Un sang d’encre

Bakchich s’arrête et la Tribune est en sursis : deux situations bien différentes qui disent les difficultés actuelles de la presse.

Jean-Claude Renard  • 27 janvier 2011 abonné·es
Un sang d’encre

Créé en 2006 par Nicolas Beau et Xavier Monnier, Bakchich dépose aujourd’hui son bilan. In fine , le premier quotidien à s’afficher en ligne n’aura jamais connu le bon modèle économique. À l’automne 2009, faute de recettes publicitaires nécessaires, le titre s’était doté d’une version papier hebdomadaire en kiosque, paradoxalement pour sauver le site du dépôt de bilan.

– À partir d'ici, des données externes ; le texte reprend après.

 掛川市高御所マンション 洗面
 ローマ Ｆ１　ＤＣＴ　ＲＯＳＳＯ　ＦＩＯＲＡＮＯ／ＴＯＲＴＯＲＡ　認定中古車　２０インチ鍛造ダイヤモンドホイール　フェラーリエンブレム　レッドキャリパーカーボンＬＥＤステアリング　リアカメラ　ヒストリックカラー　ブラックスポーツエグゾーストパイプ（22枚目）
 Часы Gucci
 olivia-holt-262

Nicolas Beau, son patron, espérait alors en vendre 50 000 exemplaires. Les chiffres se sont arrêtés à 7 000. Le journal invoque des aides à la presse en ligne en dessous des attentes et le manque de rédacteurs chevronnés pour encadrer les plus jeunes. Ce sont maintenant quinze journalistes à la porte.

Autre cas, bien différent : plongé dans les affres financières, le quotidien économique indépendant la Tribune est maintenant placé par le tribunal de commerce de Paris en procédure de sauvegarde pour une durée de six mois, éventuellement renouvelable. Une procédure qui est réservée aux seules entreprises qui ne sont pas en cessation de paiement, permettant la poursuite des activités. Sera-ce suffisant pour trouver les 15 millions d’euros nécessaires à la recapitalisation du journal (dont les pertes s’élevaient en 2010 à 9 millions d’euros, contre 14 millions en 2009), selon la direction ? Cette procédure est reçue de façon optimiste, comme « une opportunité » , estime Valérie Decamp, PDG du quotidien. Pour François Lenglet, directeur des rédactions et vice-président, « il s’agit d’une disposition qui va permettre à la Tribune, en gelant temporairement le remboursement de ses dettes, de finaliser le plan de relance et de recapitalisation qui avait été annoncé en juillet 2010 » . En somme, se trouver dans les meilleures dispositions dans la quête d’investisseurs.

Les dirigeants restent inchangés, ­désormais assistés par un administrateur désigné par le tribunal. Alain Weill avait racheté le journal à LVMH en 2008 (avec une première vague de départs à la clé suivant la clause de conscience), avant de le céder pour un euro, en mai dernier, à Valérie Decamp.
Au pied du mur, le quotidien affiche cependant des chiffres rassurants, sinon prometteurs en 2010 : des pertes d’exploitation réduites de moitié par rapport à 2007 et une croissance en diffusion de 2,4 %. Si jamais la Tribune venait à tomber, Bernard Arnault, patron de LVMH et des Échos, deviendrait le seul à tirer les ficelles de la presse économique.